In view of all of the above, it is evident that a new device and method is disclosed. Included, among other features, is forming an ESD device having an isolation layer formed between a diode of the ESD device and a substrate on which the device is formed. The isolation layer isolates the diode from the substrate and facilitates forming the ESD device as a two terminal device. Forming the conductor layer underneath the diode facilitates forming a lateral current path to interconnect the anodes of the diode together. Furthermore, forming a blocking structure around each diode forces lateral current to appear in the conductor layer and prevents lateral current that may short the diodes together. Forming vertical conductors to facilitate forming electrical connections to the substrate facilitates configuring the device to operate from both terminals. Another blocking structure is formed to isolate the diode from the vertical conductor, helping to prevent shorting from the diode to the terminals of the ESD device. In addition, ESD devices typically have a highly doped P-type substrate, a lightly doped N-type layer forming a diode, and a highly doped N-type layer disposed adjacent to a portion of the lightly doped N-type layer to form a zener diode. Also included is a highly doped P-type layer overlying the highly doped N-type layer to form a P-N junction diode. The doping concentration and thickness result in an ESD device that can react to ESD events in less than 1 nanosecond (1 nsec.).

While the subject matter of the present invention has been described with specific preferred embodiments, it is evident that many alternatives and variations will be apparent to those skilled in the semiconductor arts. For example, all doping types may be reversed. Isolation layer 24 may be any type of layer that provides isolation between layer 25 and substrate 33, including a semiconductor dielectric, such as silicon dioxide. Although semiconductor region 29 is described as being formed by doping a portion of an epitaxial layer, region 29 may be formed by various well-known techniques. Furthermore, the doping described for isolation layer 24 may be replaced by other techniques that sufficiently suppress or reduce carrier lifetime within layer 24 to inhibit enabling the bipolar transistor. Although the device is described herein as being formed on a silicon substrate, one skilled in the art will recognize that other semiconductor materials may be used, including gallium arsenide, silicon carbide, gallium nitride, and other semiconductor materials.
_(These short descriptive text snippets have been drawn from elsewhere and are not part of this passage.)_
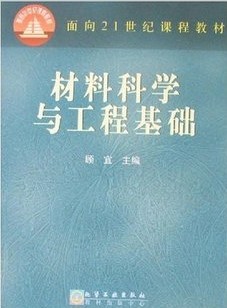 Ͽѧ빤̻[ȫ43]
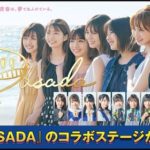 【速報】日向坂「DASADA」第1話、衝撃すぎる....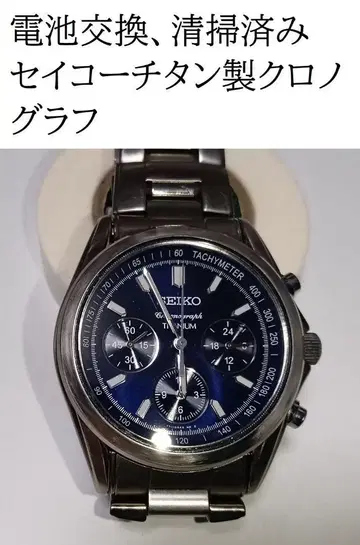 배터리 교환, 청소 완료 SEIKO 티타늄 크로노그래프 네이비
Moreover, the word "connected" is used throughout for clarity of description, but is intended to have the same meaning as the word "coupled". Accordingly, "connected" should be interpreted to include direct connections or indirect connections.

Claims (3)

1. A method of forming an ESD device, comprising:

forming a first semiconductor layer overlying the semiconductor substrate;

forming a plurality of diodes with at least a portion of each diode within the first semiconductor layer;

forming a plurality of first blocking structures extending through the first semiconductor layer, wherein separate blocking structures of the plurality of first blocking structures surround a perimeter of each diode of the plurality of diodes to inhibit current flow laterally through the first semiconductor layer between the plurality of diodes; and

forming a conductor extending from within the first semiconductor layer into the semiconductor substrate.

2. The method of claim 1, further comprising: forming a second barrier structure extending through the first semiconductor layer and into the semiconductor substrate, wherein a perimeter of the second barrier structure surrounds the plurality of diodes and surrounds the plurality of first barrier structures, wherein the conductor is outside the perimeter of the second barrier structure.

3. The method of claim 1, further comprising: a conductor layer formed below the first semiconductor layer, and further comprising: an isolation layer formed between the conductor layer and the semiconductor substrate; and

the semiconductor substrate, the isolation layer, and the first semiconductor layer are formed to have a first conductivity type, and the conductor layer is formed to have a second conductivity type.